[<prev] [next>] [thread-next>] [day] [month] [year] [list]
Message-ID: <20260121231140.832332-1-tj@kernel.org>
Date: Wed, 21 Jan 2026 13:11:06 -1000
From: Tejun Heo <tj@...nel.org>
To: linux-kernel@...r.kernel.org,
sched-ext@...ts.linux.dev
Cc: void@...ifault.com,
andrea.righi@...ux.dev,
changwoo@...lia.com,
emil@...alapatis.com,
Tejun Heo <tj@...nel.org>
Subject: [PATCHSET v1 sched_ext/for-6.20] sched_ext: Implement cgroup sub-scheduler support
This patchset implements cgroup sub-scheduler support for sched_ext, enabling
multiple scheduler instances to be attached to the cgroup hierarchy.
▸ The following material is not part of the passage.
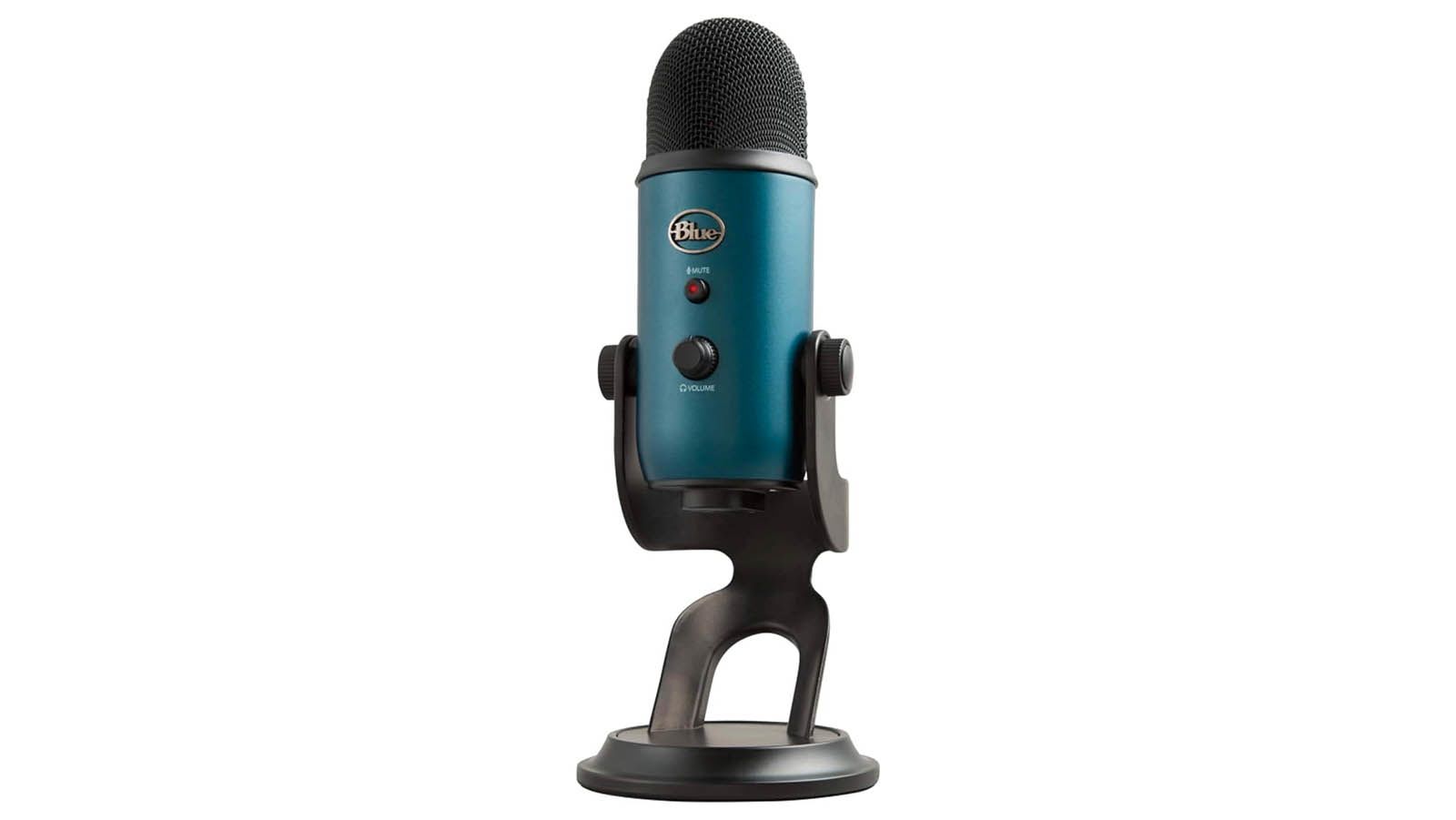 Blue Yeti mics are up to 35 percent off for Black Friday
This is a
partial implementation focusing on the dispatch path - select_cpu and enqueue
paths will be updated in subsequent patchsets. While incomplete, the dispatch
path changes are sufficient to demonstrate and exercise the core sub-scheduler
structures.
Motivation
==========
Applications often have domain-specific knowledge that generic schedulers cannot
possess. Database systems understand query priorities and lock holder
criticality. Virtual machine monitors can coordinate with guest schedulers and
handle vCPU placement intelligently. Game engines know rendering deadlines and
which threads are latency-critical.
On multi-tenant systems where multiple such workloads coexist, implementing
application-customized scheduling is difficult. Hard partitioning with cpuset
lacks the dynamism needed - users often don't care about specific CPU
assignments and want optimizations enabled by sharing a larger machine:
opportunistic over-commit, improving latency-critical workload characteristics
while maintaining bandwidth fairness, and packing similar workloads on the same
L3 caches for efficiency.
Sub-scheduler support addresses this by allowing schedulers to be attached to
the cgroup hierarchy. Each application domain runs its own BPF scheduler
tailored to its needs, while a parent scheduler dynamically controls CPU
allocation to children without static partitioning.
Structure
=========
Schedulers attach to cgroup nodes forming a hierarchy up to SCX_SUB_MAX_DEPTH
(4) levels deep. Each scheduler instance maintains its own state including
default time slice, watchdog, and bypass mode. Tasks belong to exactly one
scheduler - the one attached to their cgroup or the nearest ancestor with a
scheduler attached.
A parent scheduler is responsible for allocating CPU time to its children. When
a parent's ops.dispatch() is invoked, it can call scx_bpf_sub_dispatch() to
trigger dispatch on a child scheduler, allowing the parent to control when and
how much CPU time each child receives. Currently only the dispatch path supports
this - ops.select_cpu() and ops.enqueue() always operate on the task's own
scheduler. Full support for these paths will follow in subsequent patchsets.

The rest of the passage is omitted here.